Essa metodologia, usada - ou parcialmente usada - com pesquisas de brand equity ou valor de marcas, faz com que o branding seja um processo, pois é baseado em um ciclo de PDCA (Plan, Do, Check and Act), com métricas bastante tangíveis de monitoramento do ativo intangível, que minimizam substancialmente o risco de decisões e trazem a marca para o espaço que ela merece: o Board das empresas.
Além disso, apoiam projetos de posicionamento de marca (como identificar o atributo a ser potencializado para a marca) e de arquitetura de marcas (definindo o posicionamento da marca corporativa, o número ideal de marcas necessárias no contexto de negócios e avaliando o risco financeiro de descontinuação de uma marca). Essas iniciativas avaliam o impacto das decisões de branding no valor do acionista, reduzindo significativamente o risco envolvido e proporcionando ao board das empresas uma linguagem comum: a valorização do acionista.
Neste sentido, a TM20 Branding é marca ingrediente “analítico” para diversas soluções de branding, como com trabalhos em conjunto com a Design Bridge, Pande, Keenwork, Touch e inúmeros outros parceiros de branding, oferecendo soluções integradas de branding para as corporações em uma linguagem “board level”.
Gets Measured, Gets Done
Talvez esse seja um ponto muito importante para o branding nas organizações. No passado não existia uma consciência clara da sua importância para os acionistas.
“Se fosse dividir minha empresa, eu daria a você as fábricas, máquinas e os equipamentos, mas ficaria com as marcas. E tenho certeza de que me sairia melhor.” - John Stuart, CEO da Quaker Oats - por cerca de trinta anos.

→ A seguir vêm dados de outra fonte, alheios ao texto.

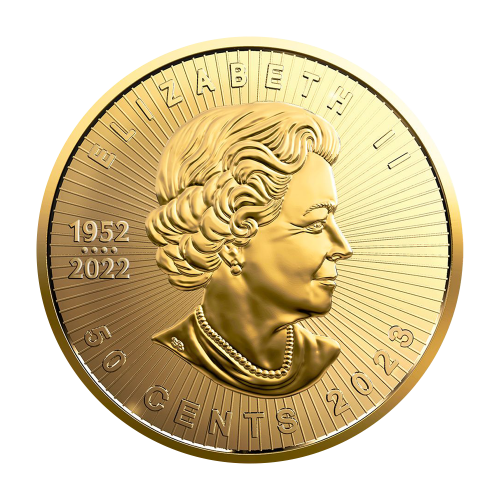 gold coin Canadian maple leaf 1 g obverse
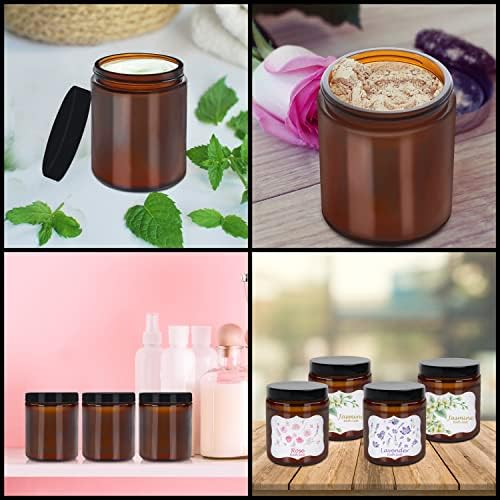 BELLE VOUS Round Amber Glass Jars (8 Pack) - 240ml / 8 oz - Empty Refillable Containers with Black Screw-On Lids - Pot for Cosmetic Storage, Lotion, Face Cream, Essential Oils, Ointment, and Makeup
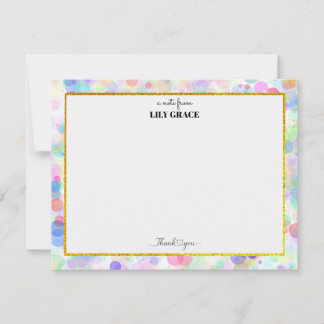 Rainbow Personalized Name Monogram, Thank You Gift Note Card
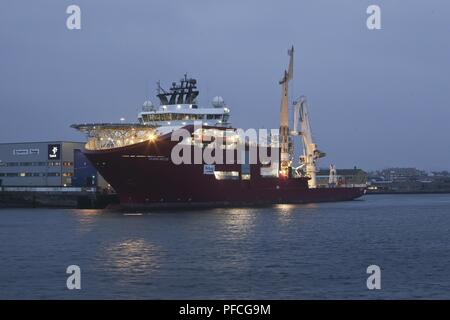 Russia. 21st Aug, 2018. All hyperbaric tie-in activities are handled from the Skandi Arctic dive support vessel. She carries all of the equipment necessary to perform the underwater welding. She also accommodates a crew of welding and diving specialists. All of the equipment, including pipeline handling frames, lift bags, the cutting tool and the welding habitat, are deployed and operated by the vessel. Credit: Nord Stream Ag/Russian Look/ZUMA Wire/Alamy Live News Stock Photo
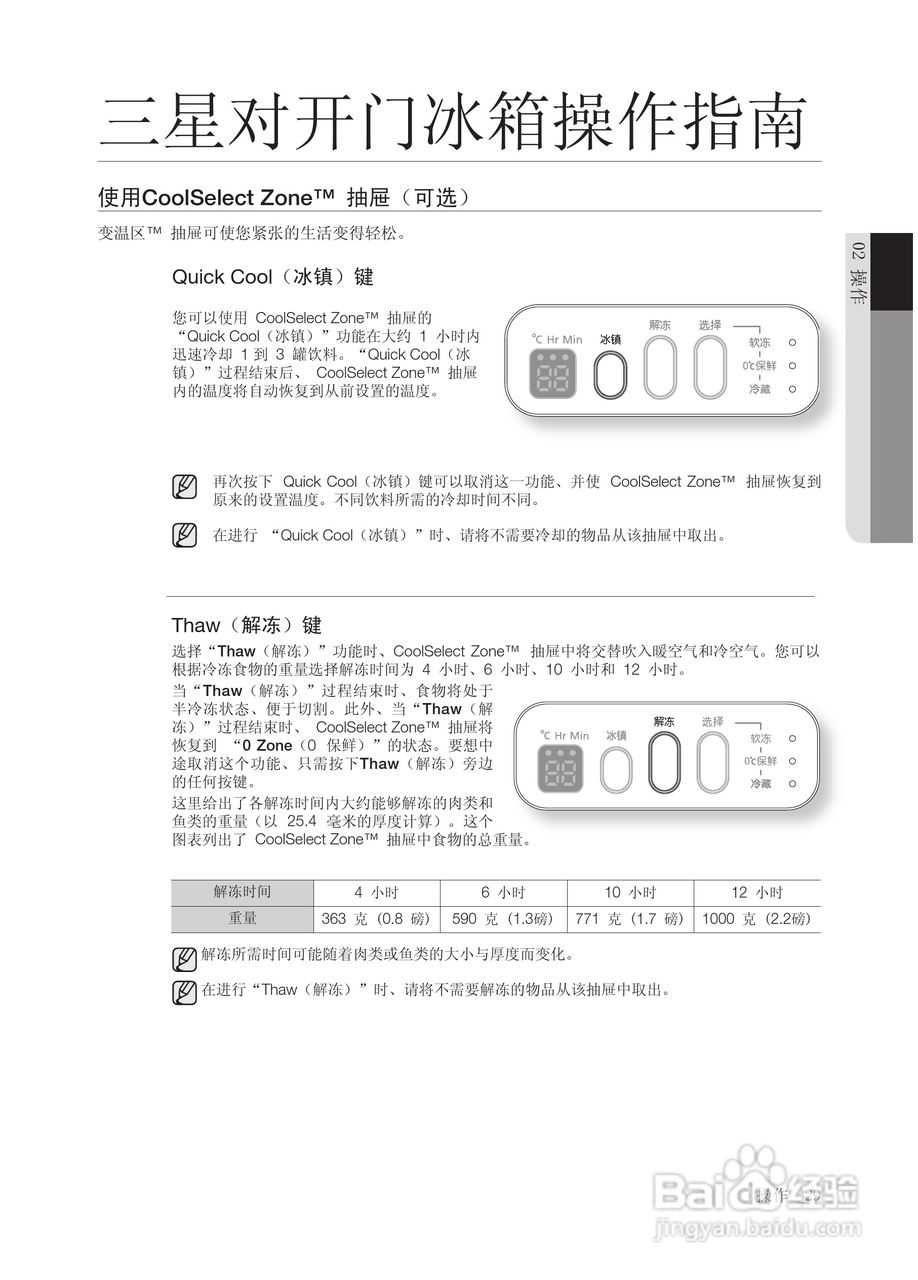 三星RSH1ZTSW电冰箱使用说明书:[3]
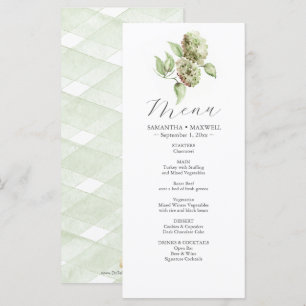 Menus de mariage aux hortensias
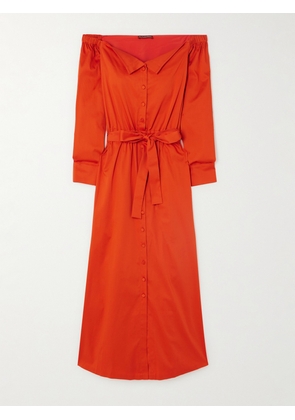 Altuzarra - Zora Off-the-shoulder Belted Cotton-poplin Midi Dress - Orange - FR34,FR36,FR38,FR46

A ausência de KPIs claros de comunicação e valor de marca faz com que, muitas vezes, as decisões de orçamento de comunicação de uma empresa priorizem o curto prazo (vendas, marketing transacional) do que o longo prazo (marca, marketing relacional). O tema ROI é frequentemente discutido, com inúmeros modelos e metodologias que correlacionam aspectos de curto prazo. Faltavam métricas em Valor Financeiro, e, para empresas de capital aberto, Valor de Mercado.
Os profissionais de marketing entendem que a partir da metodologia de valor de marca pelo board da empresa, estabelece-se uma métrica capaz de medir a efetividade de investimentos de marketing e marca na empresa.
Também, se isso for verdade, decisões de posicionamento de marcas podem ser feitas de maneira bem mais efetiva, com foco nos atributos que mais geram valor à marca, bem como decisões de se descontinuar uma marca em um processo de Fusão e Aquisição.
Eduardo Tomiya
é fundador e CEO da TM20 Branding. Engenheiro e mestre de produção pela Escola Politécnica da USP, responsável pela pesquisa As Marcas mais Valiosas do Brasil, com edição anual desde 2003. Foi professor de branding em instituições como FGV/SP, FAAP/SP e FDC/SP. Fundou a BrandAnalytics, empresa que vendeu para o grupo global WPP em 2013, e foi diretor executivo da Kantar Consulting para América Latina até 2020, bem como diretor de Brand Valuation da Interbrand por mais de 6 anos, e sócio de Corporate Finance da Trevisan também por 6 anos. É autor de 5 livros sobre o tema, tendo seu mais recente lançado em outubro de 2024: “Valor do Branding” – Ed. Senac RJ, 2024.